Exercise details ▸
Copy exactly, no pictures: every line from the one that contains "なつめ The orange tabby 4（個別スタンプ：10）" through the end of the entries below.

Short text fragments from websites
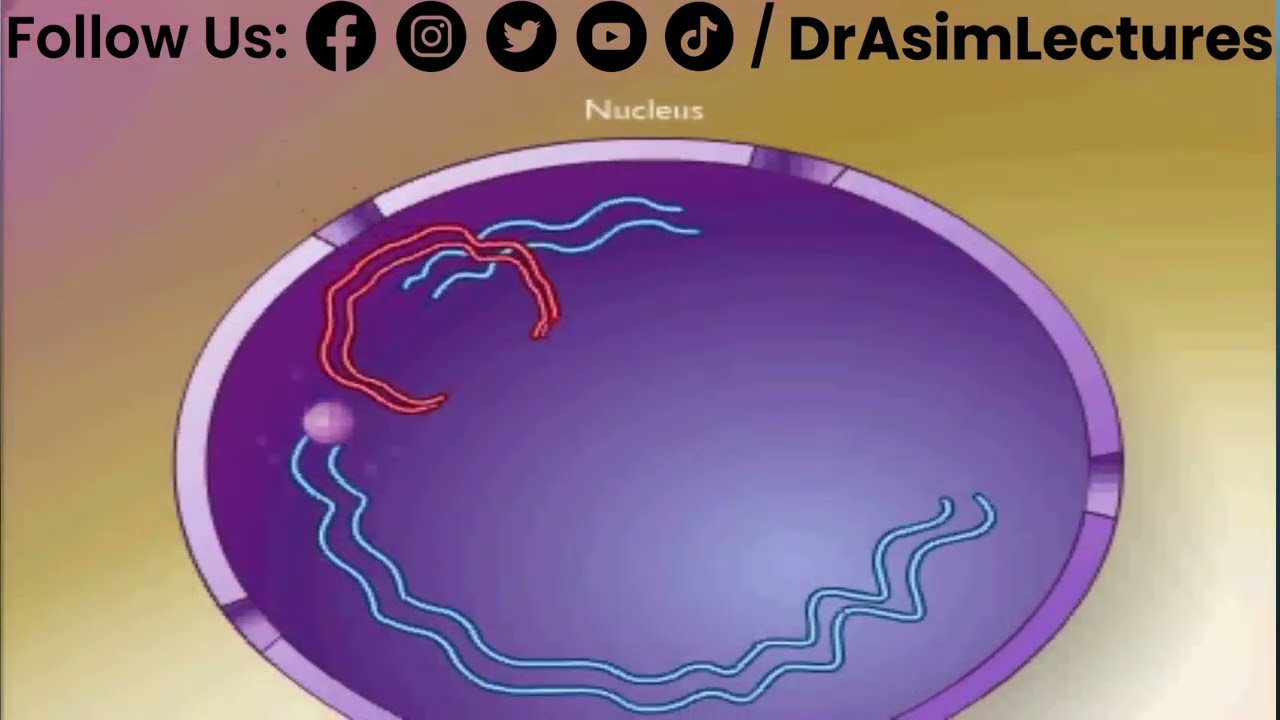 Life Cycle of HIV (Part 01)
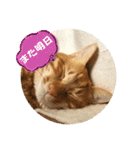 なつめ The orange tabby 4（個別スタンプ：10）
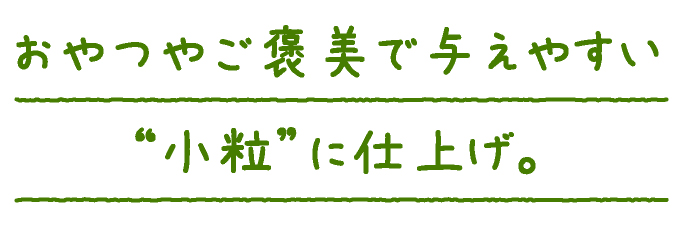 アレルギーのこでも安心して食べられる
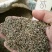 牛夕子麦收后种植纯新子。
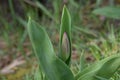 Pink Tipped Tulip Flower Bud 04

Result ▸
 なつめ The orange tabby 4（個別スタンプ：10）
 アレルギーのこでも安心して食べられる
 牛夕子麦收后种植纯新子。
 Pink Tipped Tulip Flower Bud 04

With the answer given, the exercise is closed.